A source of strength 2 is placed at $(0,0,0)$ and a sink of strength 1
is placed at $(0,0,1)$. Find the velocity field for this system. Show
that the velocity is vertical at all points of a certain
sphere. Sketch the streamlines of the flow.


\textbf{Answer}

The scalar potential of the system is
$$\phi (x,y,z) = \phi(\un{R}) = -\frac{2}{|\un{r}|}+\frac{1}{|\un{r} -
\un{k}|}.$$
This gives the velocity field
\begin{eqnarray*}
\un{v} & = & \nabla \phi = \frac{2\un{r}}{|\un{r}|^3} -
\frac{\un{r}-\un{k}}{ |\un{r} - \un{k}|^3}\\
& = & \frac{2(x\un{i} +y\un{j} + z\un{k})}{(x^2+y^2+z^2)^{3/2}} -
\frac{x\un{i}+y\un{j} +(z-1) \un{k}}{(x^2+y^2 +(z-1)^2)^{3/2}}.
\end{eqnarray*}
In order to have vertical velocity
$$\frac{2x}{(x^2+y^2+z^2)^{3/2}} = \frac{x}{(x^2+y^2+(z-1^2)^{3/2}}$$
with a similar equation for $y$. Both of these equation will be
satisfied at all points of the $z$-axis, and where
\begin{eqnarray*}
2(x^2+y^2+(z-1)^2)^{3/2} & = & (x^2+y^2+z^2)^{3/2}\\
2^{2/3}(x^2+y^2+(z-1)^2) & = & x^2+y^2+z^2\\
x^2+y^2+(z-K)^2 & = & K^2 - K,
\end{eqnarray*}
with $K=2^{2/3}/(2^{2/3}-1)$. 

The latter equation represents a sphere $S$, as $K^2-K>0$. The
velocity is vertical on all point of $S$, as well as at all points of
the $z$-axis.

As the source (at $(0,0,0)$) is twice as strong as the sink (at
$(0,0,1)$), half of the fluid that the sources emits will go to the
sink. By a process of symmetry, this will be the upper half plane
$z>0$. All of the fluid emitted below $z=0$ will flow out to infinity.

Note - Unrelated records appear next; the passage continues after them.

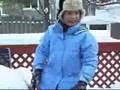 playing snow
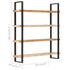 Rustika Rowe - 4-Tier Bookcase 160x40x180 cm Rough Mango Wood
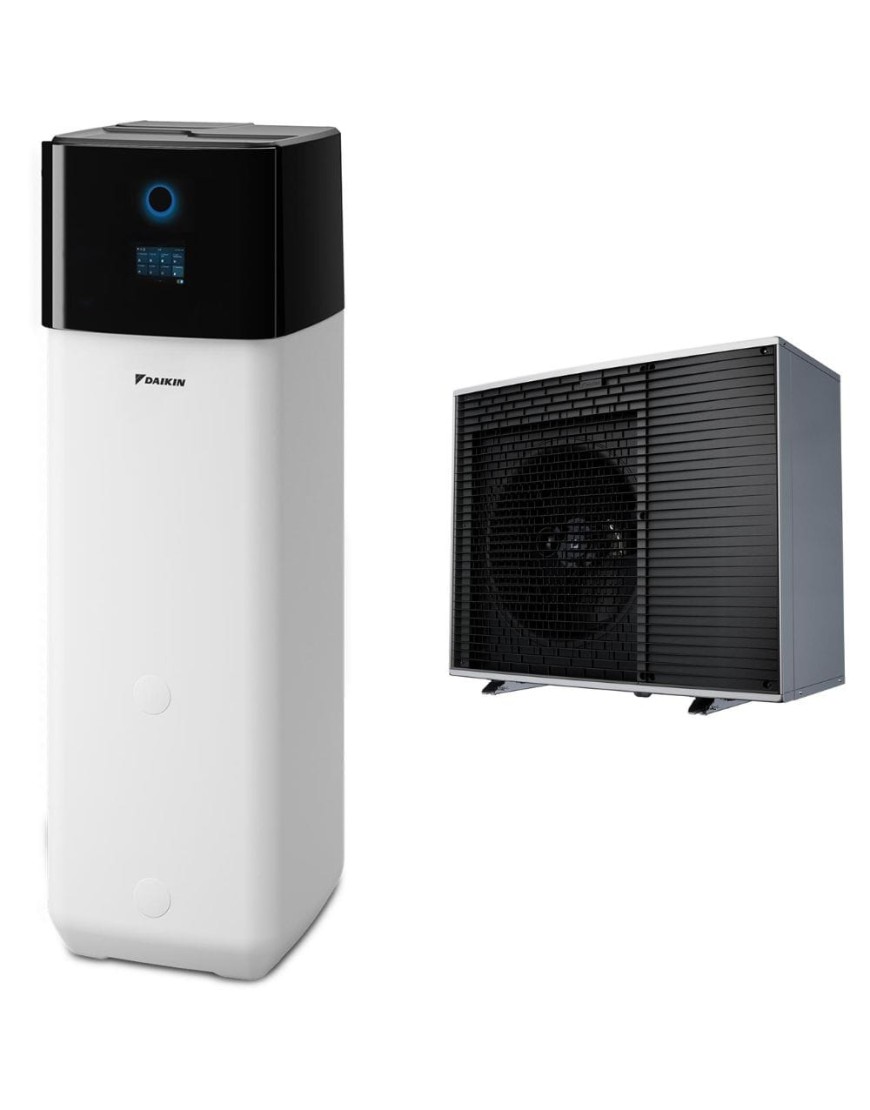 Pompa de caldura Daikin Altherma 4 H 6kW R290 (Propan) ECH2O EPSX10P30A-EPSK06AV3, pentru incalzire, racire si apa calda menajera, cu rezervor de 300L si incalzitor de rezerva 9kW, garanție 60 luni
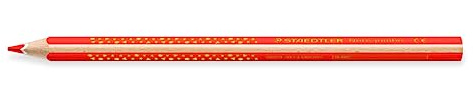 STAEDTLER - Bleistift, Rot, 1 Stück (1 Stück) (Noris Club 1284)
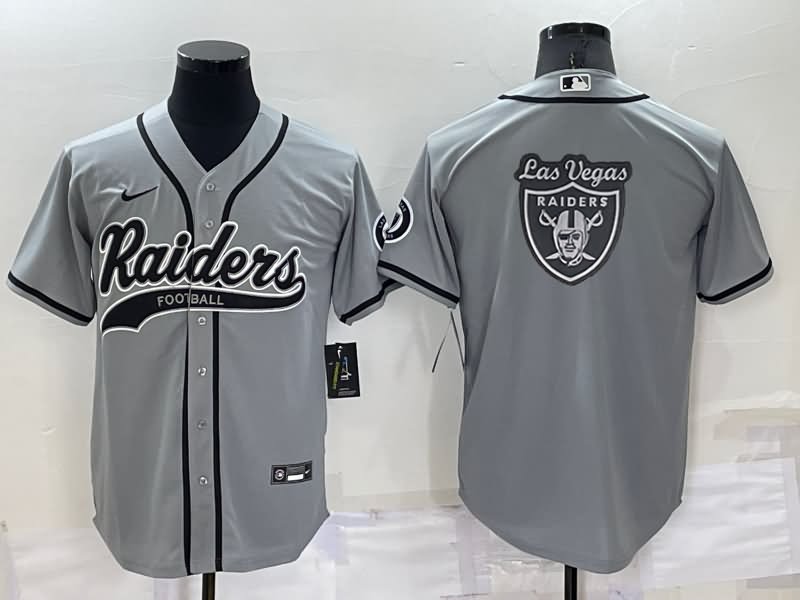 Las Vegas Raiders Grey MLB&NFL Jersey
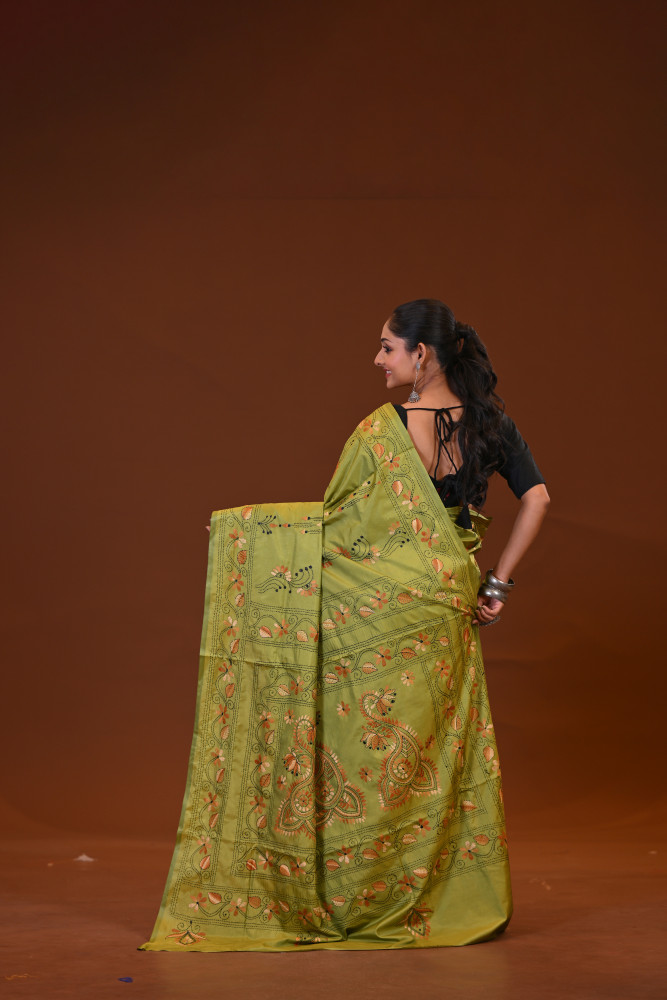 Blended Silk Kantha Saree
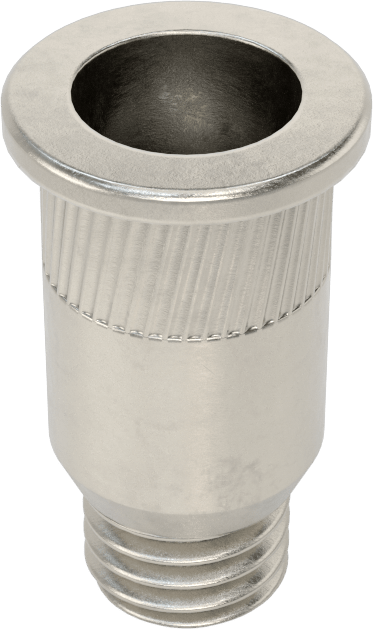 Sandviç Paneller için Perçin Somunu, 20 mm ila 28 mm Delik Derinliği için, M6 x 1 mm Ek Parça Boyutu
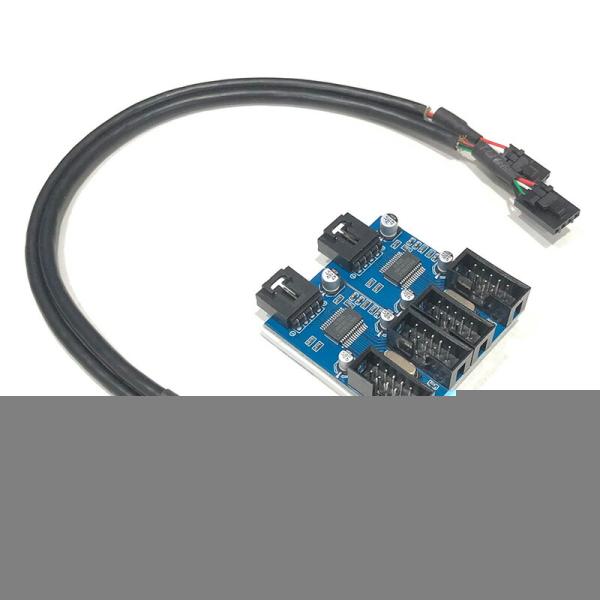 増設 カード 内蔵 9ピンUSB 延長ケーブル マザーボード USB2.0 HUB 9Pin コネク...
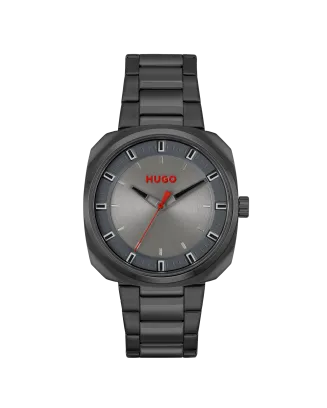 Relógio #Shrill Cinzento Aço IP Preto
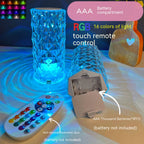 Crystal Rose Lamp Atmosphere Creative LED Table Lamp – detail view 4 | Belloriana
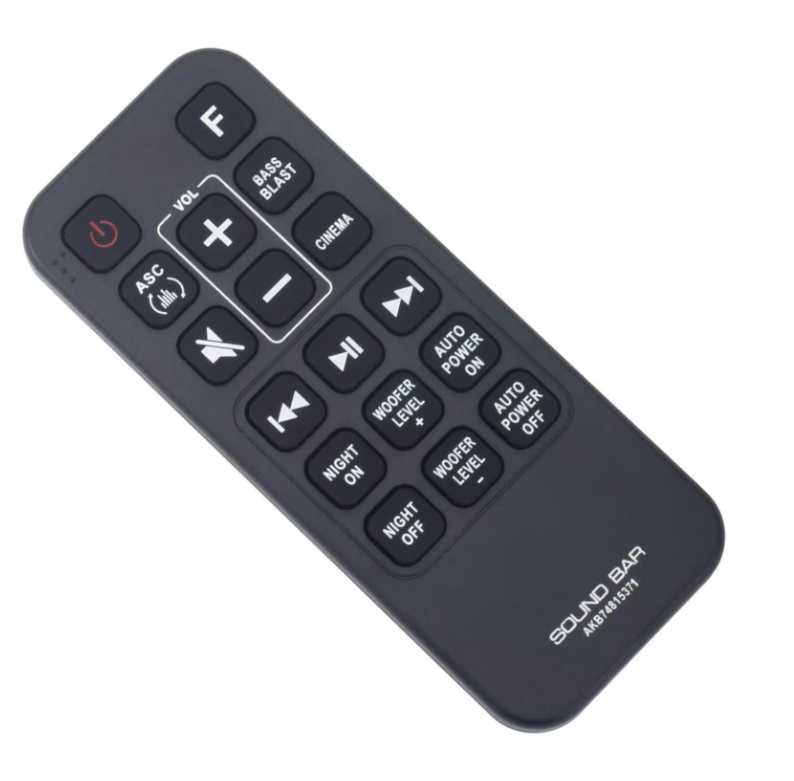 AKB74815371 Replacement Remote for LG Sound Bar Speaker Home Theaters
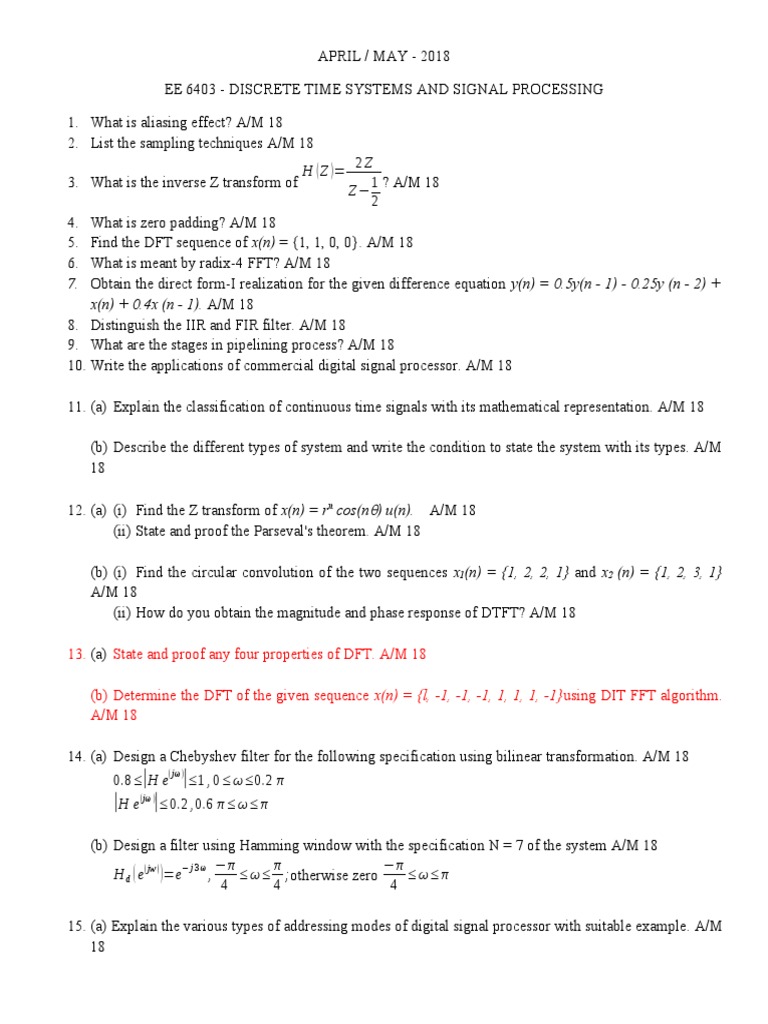 Dsp Digital Signal Processing Computers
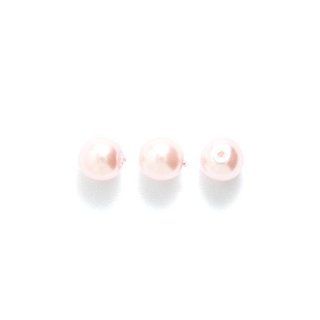 Preciosa Nacre Pearl 60 Piece Round Beads, 6mm, Rosaline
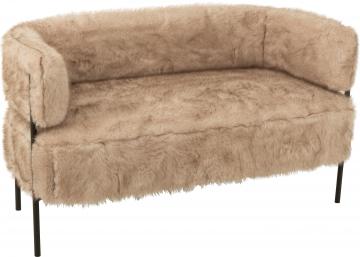Canapé Fourrure Taupe 2 Places -NEW-
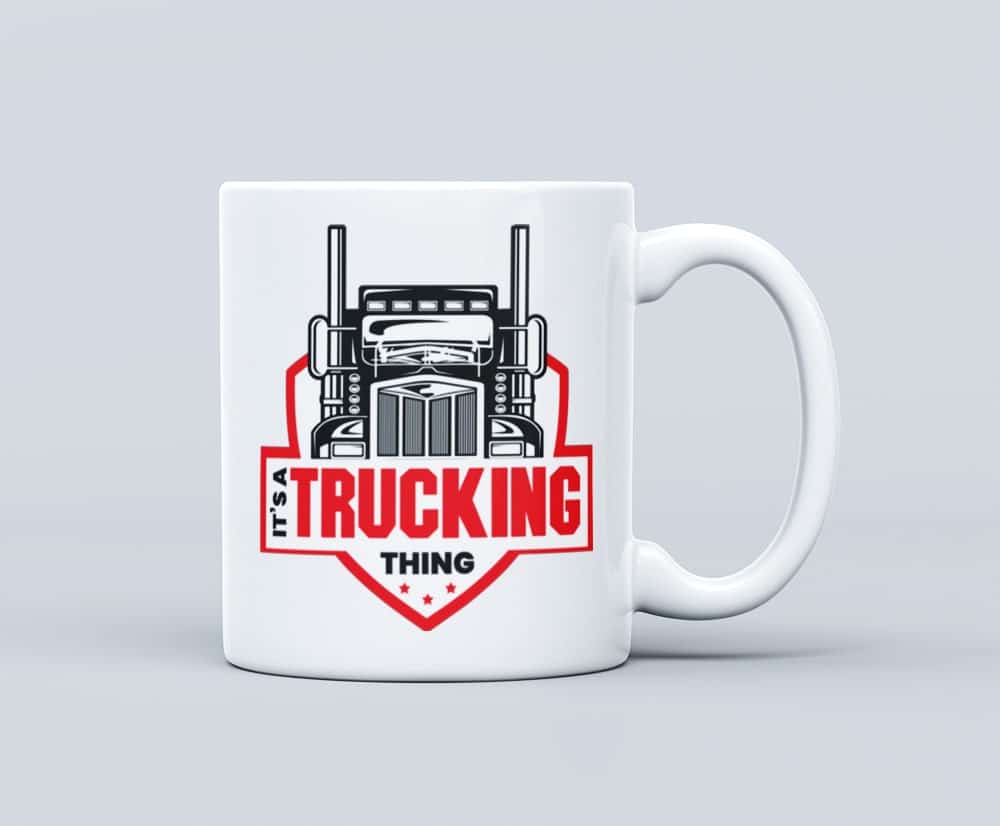 trucking thing white mug-min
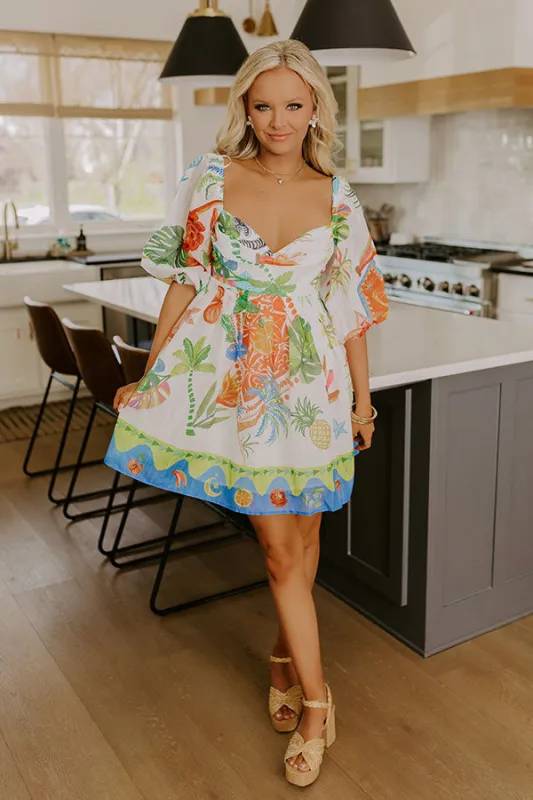 Tropical Daydream Mini Dress sold by Impressions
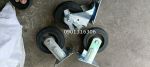 Bánh xe công nghiệp bánh xe cao su 150mm càng khóa lucky
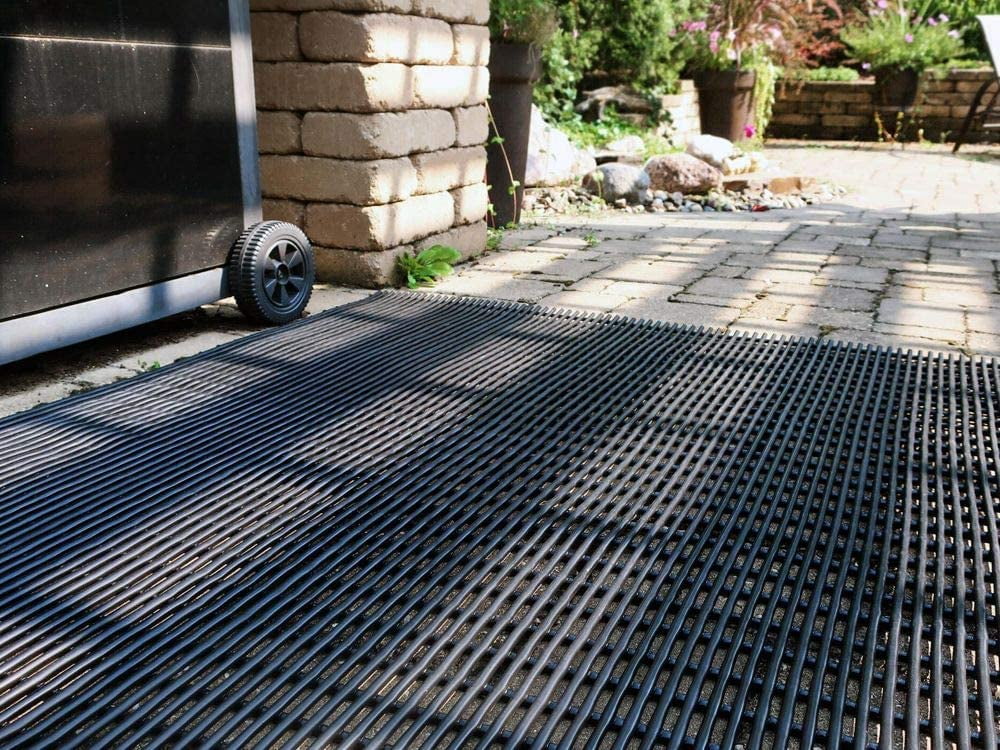VINTEK VinTube Vinyl Pool Mat Shower Bathroom Locker Room Sauna Spa Hot Tub Drains Water Splash Comfortable on Bare Foot Mat Runner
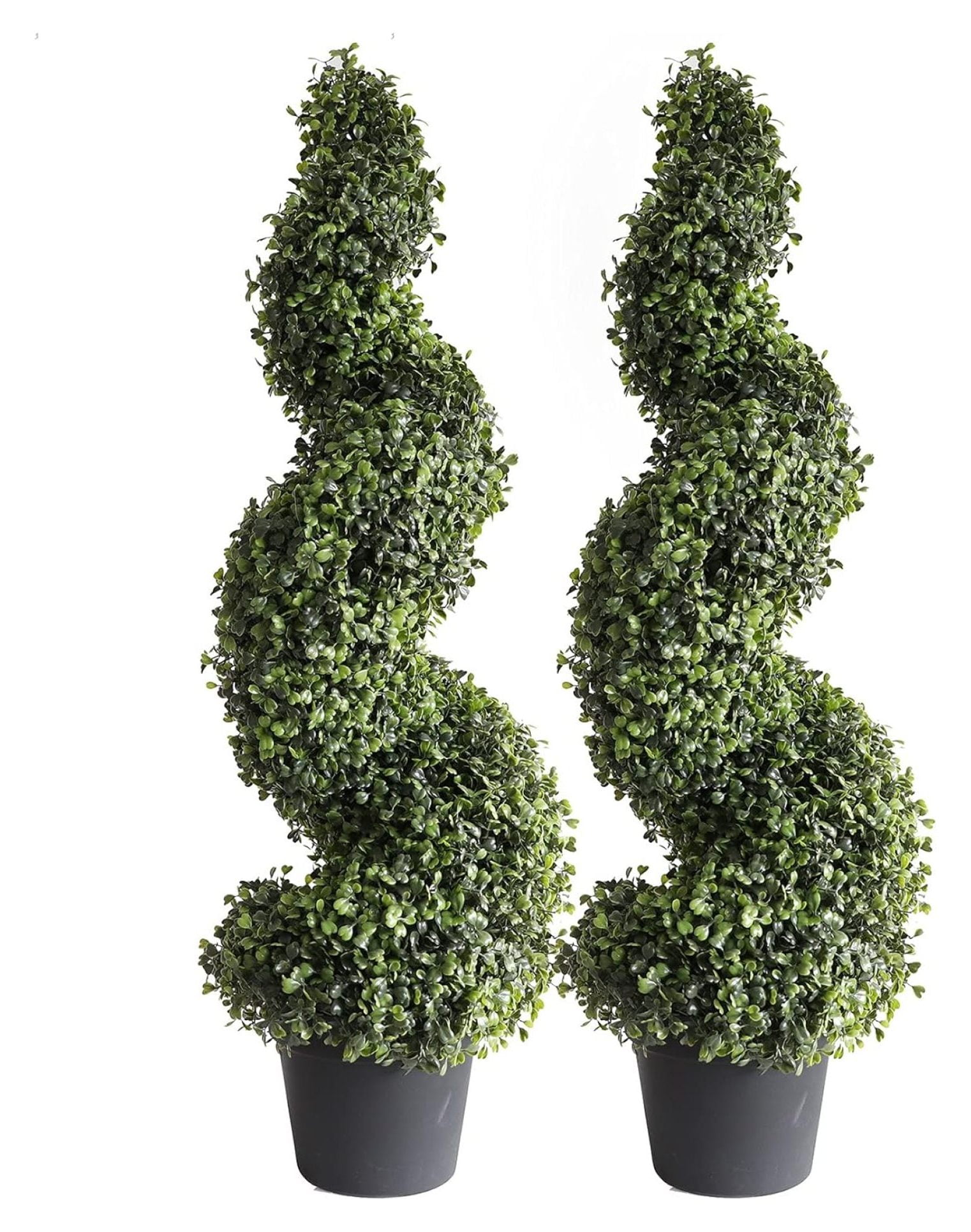 35 inch/2.95 ft Artificial Topiary Tree Outdoor Boxwood Spiral Topiary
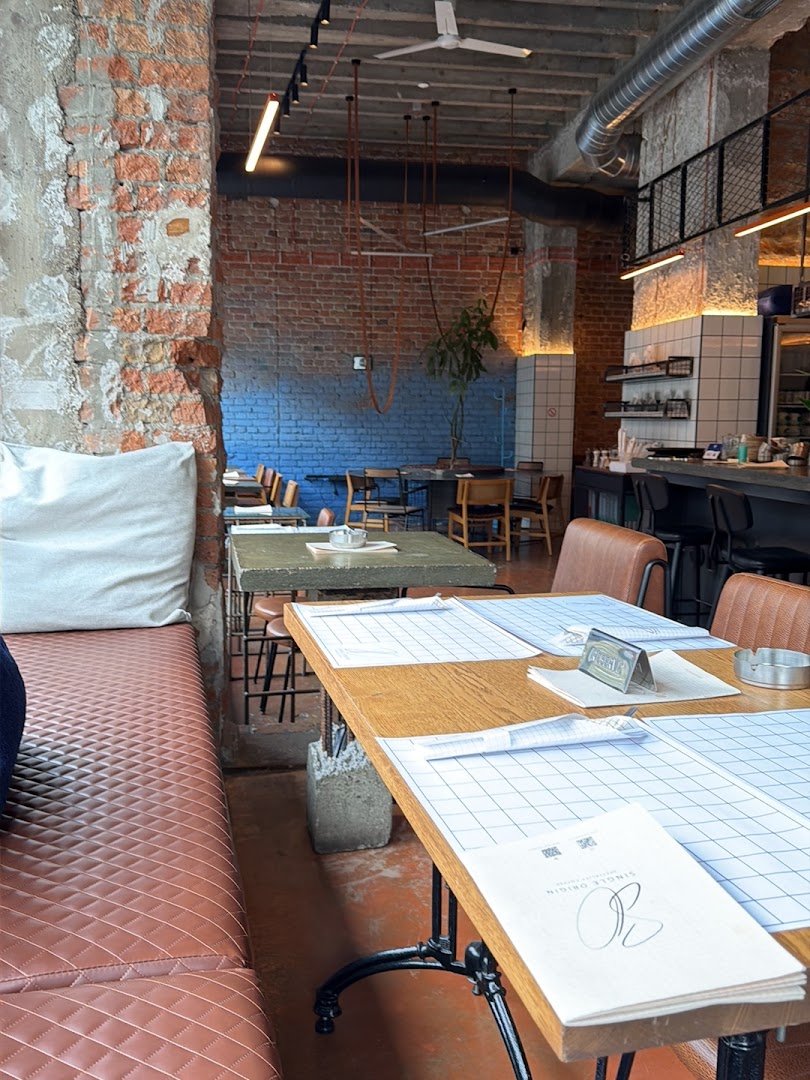 Interior of Single Origin, specialty coffee shop in Belgrade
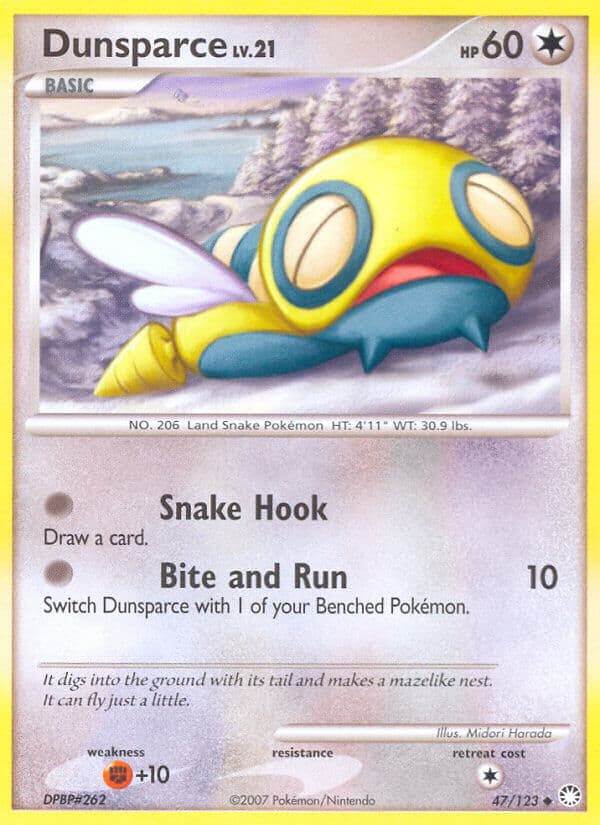 Dunsparce — Mysterious Treasures Pokémon card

There exists one point with $\un{v}=\un{0}$. This point
($(0,0,2+\sqrt{2})$) lies inside $S$. Any streamlines that emerge from
the origin parallel to the $xy$-plane lead to this point. Any
streamlines that emerge into $z>0$ cross $S$ and approach the
sink. Any streamlines that emerge into $z<0$ flow to infinity.

Some cross $S$ twice, some are tangent to $S$ and some do not
intersect $S$ at all.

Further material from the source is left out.